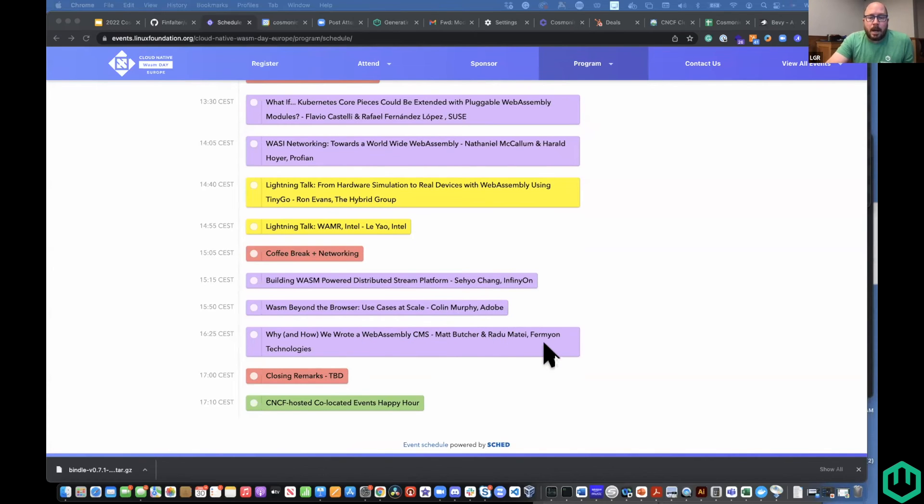Then Matt Butcher and Radu are going to talk about building a CMS. I hope I can meet many of you there this year. All online tickets to KubeCon this year include full access to all of the co-located days, so there are no more day-only tickets. You'll have the ability to stream all of the Wasm Day programming live if you can't make it in person. If you can make it, let us know — a couple of us will be over there and we'll share more about what we plan to do as a team on-site.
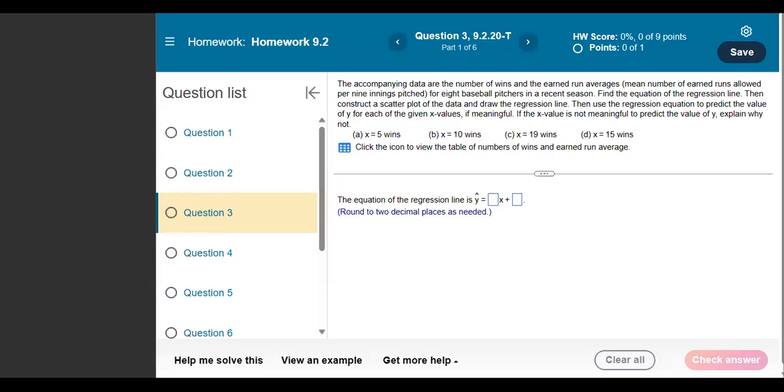Hey guys, in this video we are going to use StatCrunch to find the equation of a regression line. We'll use this problem here as an example.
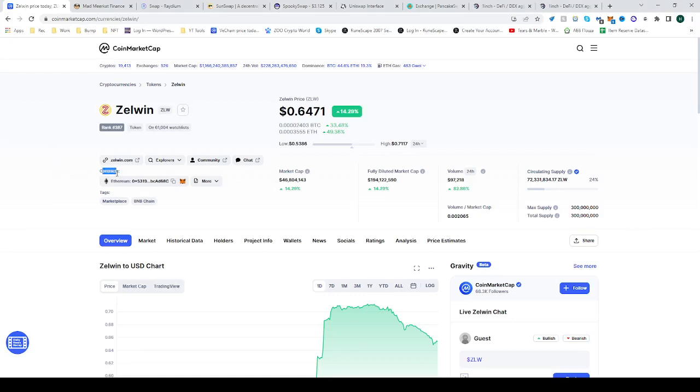See where the contract is. It's on the Ethereum mainnet, so go ahead and copy that. There we go. Once you have done that,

--- TO DO ---
Please return all of the material above exactly, minus any pictures.

--- RESPONSE FOR THIS EXERCISE ---
Then Matt Butcher and Radu are going to talk about building a CMS. I hope I can meet many of you there this year. All online tickets to KubeCon this year include full access to all of the co-located days, so there are no more day-only tickets. You'll have the ability to stream all of the Wasm Day programming live if you can't make it in person. If you can make it, let us know — a couple of us will be over there and we'll share more about what we plan to do as a team on-site.
Hey guys, in this video we are going to use StatCrunch to find the equation of a regression line. We'll use this problem here as an example.
See where the contract is. It's on the Ethereum mainnet, so go ahead and copy that. There we go. Once you have done that,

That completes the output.